Ieri abbiamo sottolineato gli aspetti positivi di un progetto comunque pioneristico e d’esempio per il contesto italiano, quale è quello della Juventus Next Gen, squadra “bis” bianconera che milita nelle serie minori fondata nel 2018.
Oggi ci permettiamo di riflettere su un aspetto negativo e criticabile della seconda squadra bianconera. Ovvero, il limite d’età. Sembra sempre complicatissimo, in questo Paese, spingere più in là l’acceleratore e non tenere il piede pigiato sul pedale del freno con tanta attenzione. A 23 anni è già troppo tardi per provare a far giocare dei calciatori di prospettiva ad alti livelli. Vero è che, in pratica, questo limite nella Juventus Next Gen sarà raggiunto negli anni da chi – si spera vivamente almeno – si sia dimostrato meno affidabile o talentuoso di altri, e che nel caso dell’emersione di qualità particolari il dirottamento nella prima squadra – e quindi, in serie A – potrebbe avvenire prima.

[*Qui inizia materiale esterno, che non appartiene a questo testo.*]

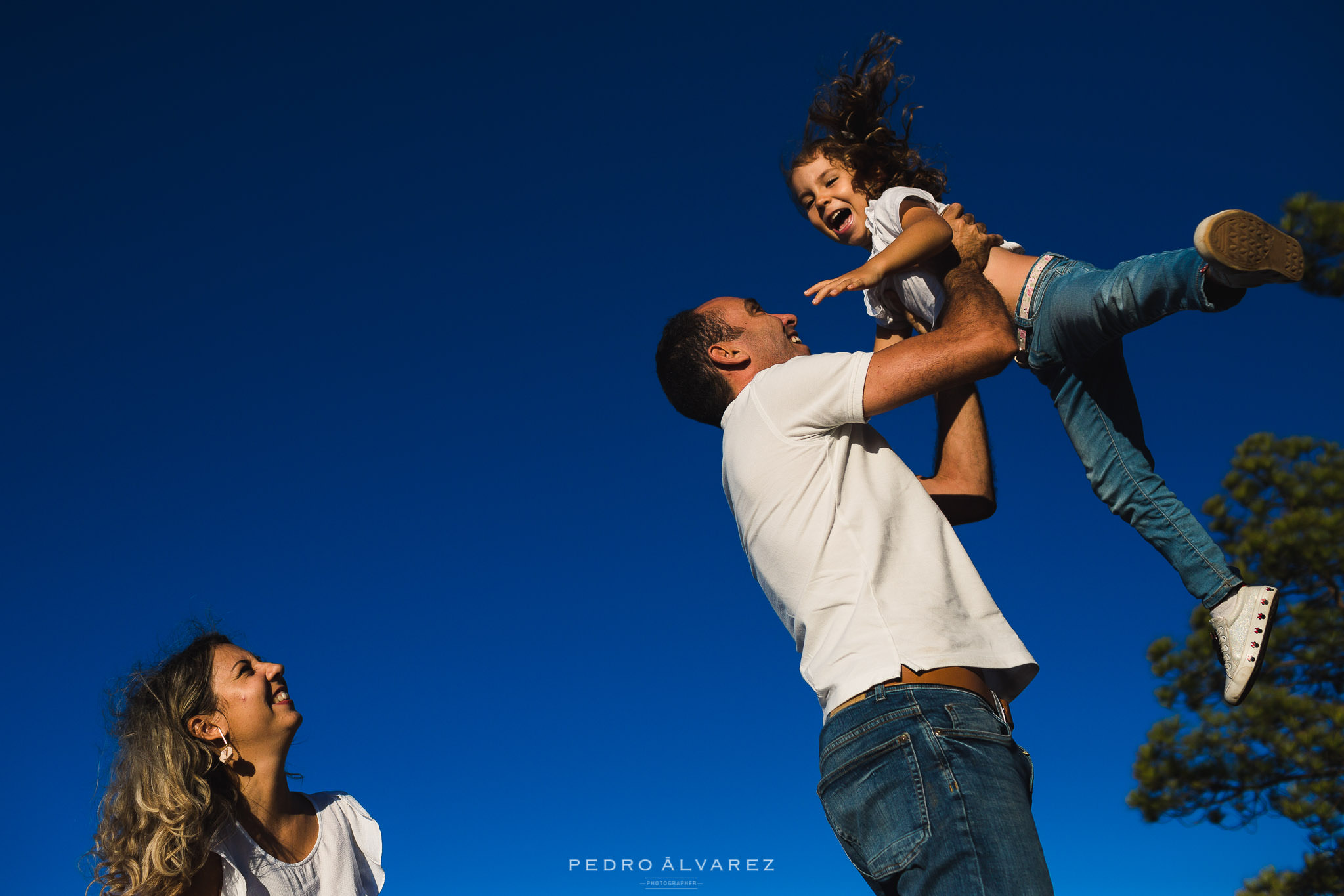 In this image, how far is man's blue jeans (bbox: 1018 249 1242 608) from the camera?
3.14 m

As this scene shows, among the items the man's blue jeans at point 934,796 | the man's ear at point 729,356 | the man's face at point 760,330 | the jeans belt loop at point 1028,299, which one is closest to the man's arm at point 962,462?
the jeans belt loop at point 1028,299

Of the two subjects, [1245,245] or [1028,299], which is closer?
[1245,245]

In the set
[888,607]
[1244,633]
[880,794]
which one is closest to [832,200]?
[1244,633]

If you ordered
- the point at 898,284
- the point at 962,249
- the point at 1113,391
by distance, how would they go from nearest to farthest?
1. the point at 962,249
2. the point at 1113,391
3. the point at 898,284

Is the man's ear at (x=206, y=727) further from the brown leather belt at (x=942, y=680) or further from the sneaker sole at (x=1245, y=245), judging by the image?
the sneaker sole at (x=1245, y=245)

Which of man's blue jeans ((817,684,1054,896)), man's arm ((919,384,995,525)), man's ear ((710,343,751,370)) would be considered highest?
man's ear ((710,343,751,370))

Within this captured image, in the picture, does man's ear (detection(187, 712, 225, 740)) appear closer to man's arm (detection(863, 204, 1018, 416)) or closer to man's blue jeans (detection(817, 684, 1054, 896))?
man's blue jeans (detection(817, 684, 1054, 896))

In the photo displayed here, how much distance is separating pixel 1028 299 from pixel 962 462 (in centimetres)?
69

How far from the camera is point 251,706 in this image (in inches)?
152

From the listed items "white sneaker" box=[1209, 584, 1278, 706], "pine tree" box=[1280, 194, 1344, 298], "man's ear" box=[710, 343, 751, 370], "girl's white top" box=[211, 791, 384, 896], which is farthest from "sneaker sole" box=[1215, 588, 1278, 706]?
"pine tree" box=[1280, 194, 1344, 298]

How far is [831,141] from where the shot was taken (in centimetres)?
438

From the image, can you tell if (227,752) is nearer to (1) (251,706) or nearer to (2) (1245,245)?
(1) (251,706)

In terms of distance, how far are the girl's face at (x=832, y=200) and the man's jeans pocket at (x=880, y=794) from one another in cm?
246

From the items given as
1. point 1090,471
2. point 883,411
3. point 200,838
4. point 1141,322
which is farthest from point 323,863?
point 1141,322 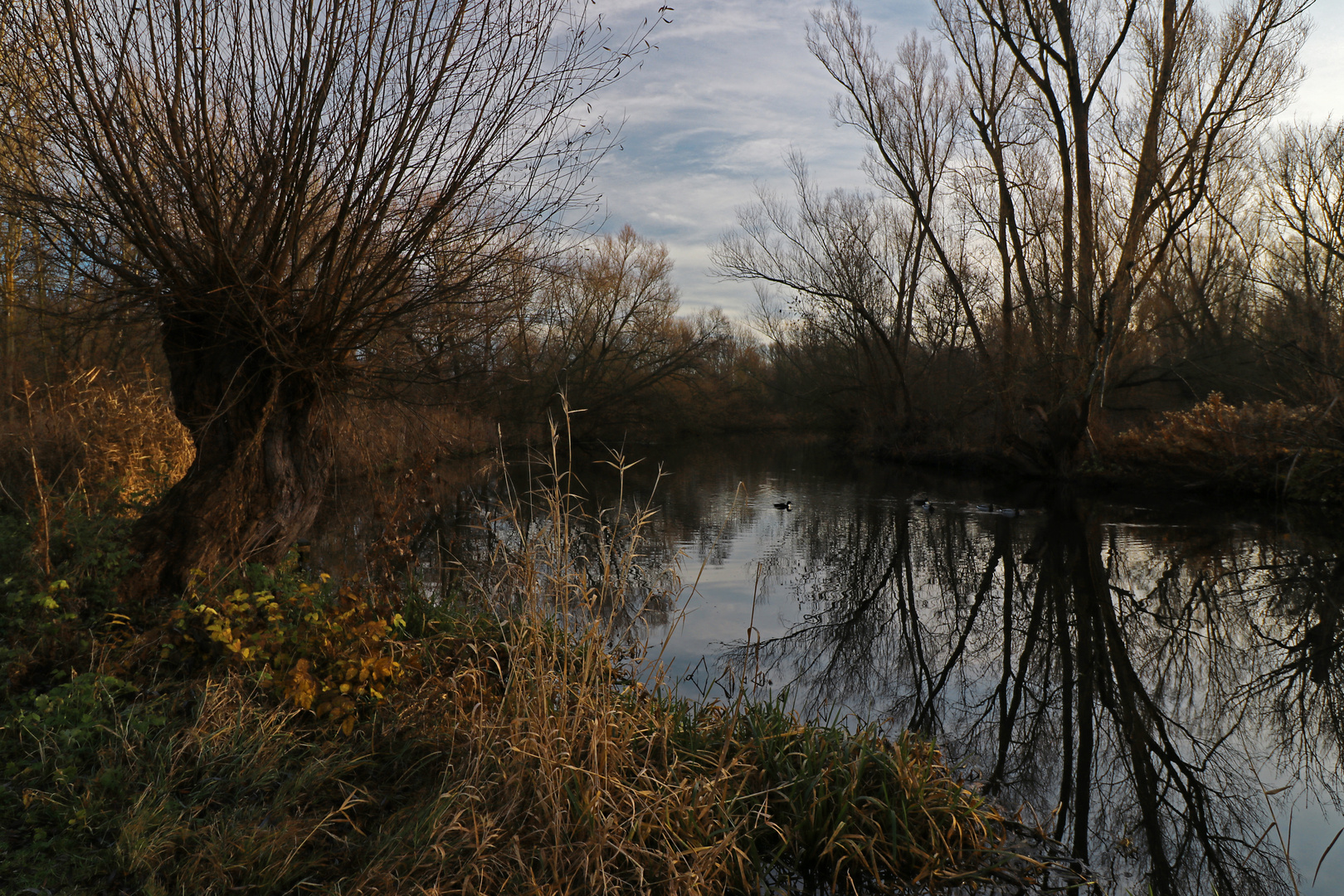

Ma la struttura produce anche possibilità in più o in meno, è innegabile. Pescando da 100 puoi ricavare 10, facendone giocare 10 ai massimi livelli il più presto possibile aumentano banalmente le possibilità di pescare le ciambelle giuste, i giocatori forti e aiutarli anche a responsabilizzarsi. Dunque, se c’è una critica da muovere al progetto giovanile bianconero è questa: l’under 23 applicato alla Juve bis è l’ennesima zavorra di una cultura calcistica, quella italiana, che fa fatica ad osare e andare oltre, ai massimi livelli possibili. Paragonati agli spagnoli che buttano in pista un loro giocatore del vivaio nella Liga anche a 16 o 17 anni, fatichiamo parecchio. Speriamo che questo sia un primo passo per una ulteriore evoluzione: magari un under 20, o – perché no – anche un under 19. Far crescere il più velocemente possibile deve essere la priorità.